Externally-facing sensors may provide system 100, 250 with data defining distances between the ego vehicle and target objects in the vicinity of the ego vehicle, and with data defining direction of target objects from the ego vehicle. Such distances can be defined as distances from sensors, or sensors can process the data to generate distances from the center of mass or other portion of the ego vehicle.

In an embodiment, the system 100, 250 collects data on target objects within a predetermined region of interest (ROI) in proximity to the ego vehicle. Objects within the ROI satisfy predetermined criteria for likelihood of collision with the ego vehicle. The ROI is alternatively referred to herein as a region of collision proximity to the ego vehicle. The ROI may be defined with reference to parameters of the vehicle control module 206 in planning and executing maneuvers and/or routes with respect to the features of the environment. In an embodiment, there may be more than one ROI in different states of the system 100, 250 in planning and executing maneuvers and/or routes with respect to the features of the environment, such as a narrower ROI and a broader ROI. For example, the ROI may incorporate data from a lane detection algorithm and may include locations within a lane. The ROI may include locations that may enter the ego vehicle's drive path in the event of crossing lanes, accessing a road junction, swerve maneuvers, or other maneuvers or routes of the ego vehicle. For example, the ROI may include other lanes travelling in the same direction, lanes of opposing traffic, edges of a roadway, road junctions, and other road locations in collision proximity to the ego vehicle.

FIG. 4 shows execution steps of a processor-based method using the system 100, 250, and 300 according to some embodiments. The method 400 shown in FIG. 4 comprises execution steps 410-440. However, it should be appreciated that other embodiments may comprise additional or alternative execution steps, or may omit one or more steps altogether. It should also be appreciated that other embodiments may perform certain execution steps in a different order. Steps discussed herein may also be performed simultaneously or near-simultaneously with one another.

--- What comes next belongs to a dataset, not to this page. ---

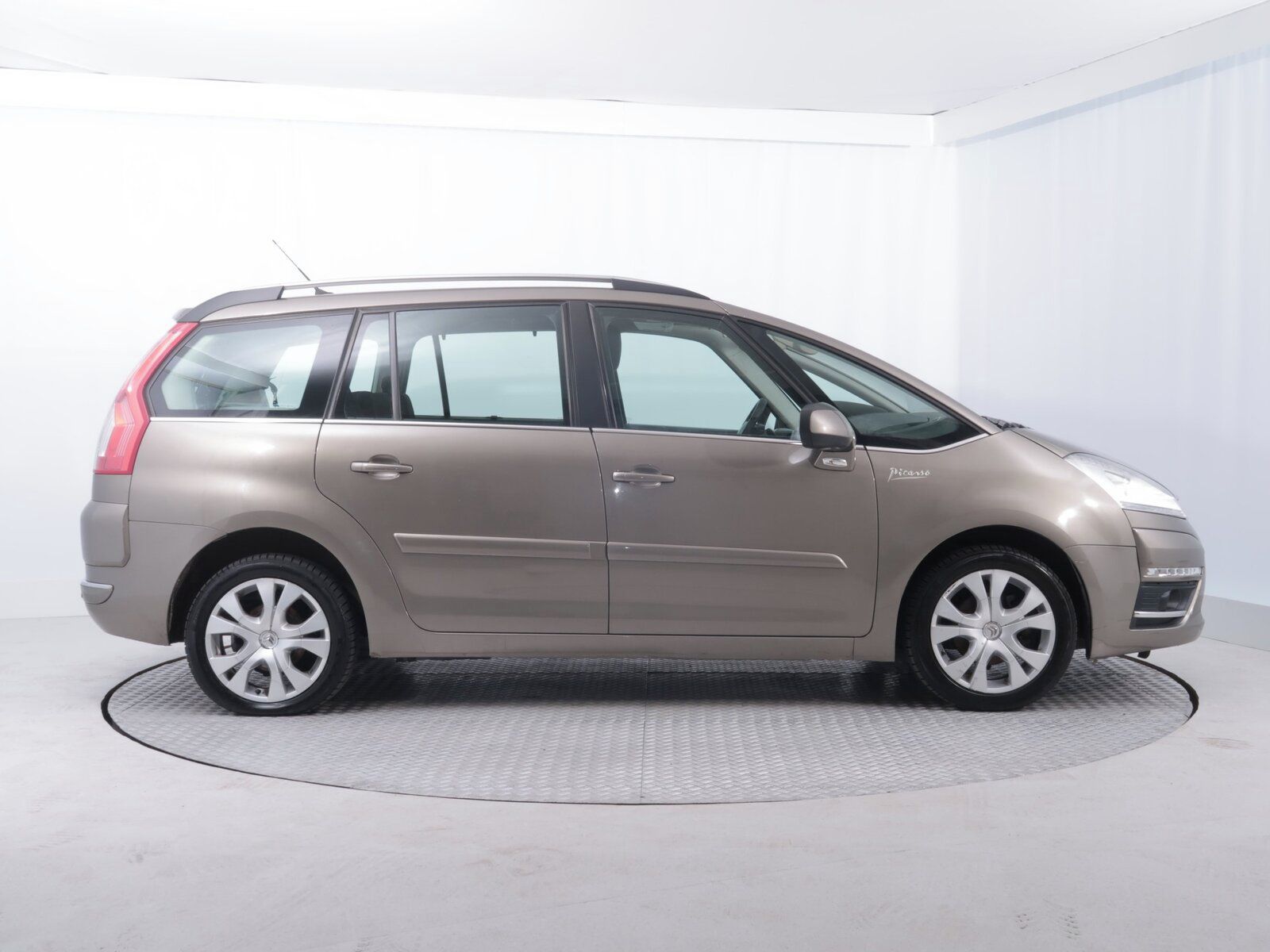 Citroën Grand C4 Picasso, 1.6 HDi, 7 míst, po STK, Tažné - fotka 6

FIG. 4 is described as being performed by a processor, such as the processor 210 depicted in FIG. 2. However, in some embodiments, one or more of the steps may be performed by a different processor, server, or any other computing feature. For instance, one or more of the steps may be performed via a cloud-based service or another processor in communication with the processor of the autonomous vehicle and/or its autonomy system.

Although the steps are shown in FIG. 4 having a particular order, it is intended that the steps may be performed in any order. It is also intended that some of these steps may be optional. For example, step 420 may occur after step 430. In another example, step 420 may not be performed when executing this process.

As the process is executed, the processor may determine a likelihood of a collision with a target object (animal). If the likelihood satisfies a threshold, the processor may take another action, such as steps 420, 430, 440, 450. After each step, the processor may evaluate the likelihood again to determine if the threshold is still satisfied, thereby causing another action to urge the animal to move or take evasive action. Once the likelihood no longer satisfies that threshold for a collision, the autonomous vehicle may proceed along the trajectory.

At step 410, the processor may receive an indication that a current trajectory of an autonomous vehicle is associated with a likelihood of a collision that satisfies a threshold indicating a potential collision with an animal having an attribute that satisfies a threshold.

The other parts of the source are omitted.